A_s and A_comp, F_s and F_comp, and n_s and n_comp correspond to the absorbances, areas under the fluorescence curve, and refractive index value of the solvent of the standard and compound 1, respectively.

2.4. Chemosensing Studies of BODIPY Derivative 1 

The evaluation of BODIPY derivative 1 as an optical chemosensor was carried out in the presence of several anions (H₂PO₄^-, HSO₄^-, CN^-, F^-, I^-, NO₃^-, CH₃COO^-, Br^-, ClO₄^-, BzO^-). For this study, solutions of compound 1 (1 × 10⁻⁵ M) and the various anions (1 × 10⁻² M) were prepared in acetonitrile, and the preliminary study was carried out by the addition of 50 equivalents of each anion to the BODIPY derivative 1 solution. Solutions were visualized under natural light and in a UV-chamber under a lamp at 365 nm.

3. Results and Discussion

3.1. Synthesis of BODPY Derivative 1 

Carbazolyl-BODIPY 1 was synthesized in two reactional steps at room temperature. The first step consisted in the condensation reaction of 2,4-dimethylpyrrole and N-ethylcarbazolyl-4-carbaldehyde in dichloromethane (DCM), in the presence of trifluoroacetic acid (TFA) as catalyst. The second reactional step involved oxidation of the dipyrromethane to dipyrromethene, through addition of a solution of 2,3-dichloro-5,6-diciano-p-benzoquinone (DDQ), followed by a complexation reaction with BF₃OEt₂ in presence of triethylamine (Scheme 1). Finally, the purification of the crude product by dry flash chromatography, using petroleum ether/ethyl acetate (4:1) as eluent, gave the pure BODIPY derivative 1 as a dark red solid at a 17% yield.

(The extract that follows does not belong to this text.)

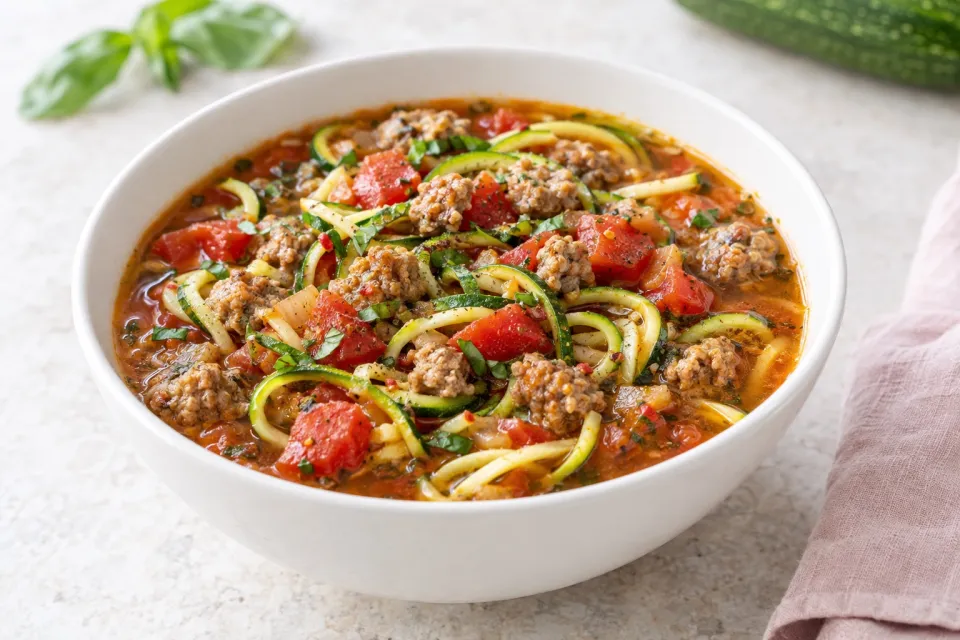 Low-Carb Italian Sausage Soup with Tomatoes and Zucchini Noodles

Through the ¹H NMR spectrum, it was possible to confirm the presence of the carbazolyl group in the meso position of the BODIPY core, with the characteristic proton signals appearing in the aromatic zone of the spectrum. Additionally, the data obtained by mass spectrometry is in agreement with the expected structure.

3.2. Photophysical Characterization of BODIPY Derivative 1 

The photophysical characterization of BODIPY derivative 1 was investigated in acetonitrile solution. The compound showed an intense absorption band (log ε = 4.9) at 496 nm. Upon excitation at 480 nm, the compound exhibited an emission band at 507 nm (Figure 2). The relative fluorescence quantum yield, determined by using Rhodamine 6G in ethanol as fluorescence standard (Φ_F = 0.95), was found to be low (Φ_F = 0.019).

3.3. Chemosensing Studies of BODIPY Derivative 1 

Preliminary evaluation of carbazolyl-BODIPY 1 as an optical chemosensor was performed in the presence of several anions in acetonitrile solution. The study was carried out by addition of 50 equivalents of each anion to the compound’s solution and, as can be seen in Figure 3, there was a selective increase in the fluorescence of the compound upon addition of F^-.

4. Conclusions

The BODIPY derivative 1 functionalized at the meso position with a carbazolyl group was synthesized through a condensation reaction between 2,4-dimethylpyrrole and N-ethylcarbazolyl-4-carbaldehyde, at a 17% yield. This compound was characterized by the usual spectroscopic techniques and the photophysical properties were also determined. Additionally, the preliminary chemosensing study of BODIPY derivative 1 shows the selective recognition of F^- among several anions, through a perceptible enhancement of the fluorescence of the solution of the compound. Therefore, BODIPY 1 could be a potential selective fluorimetric chemosensor for the detection of fluoride.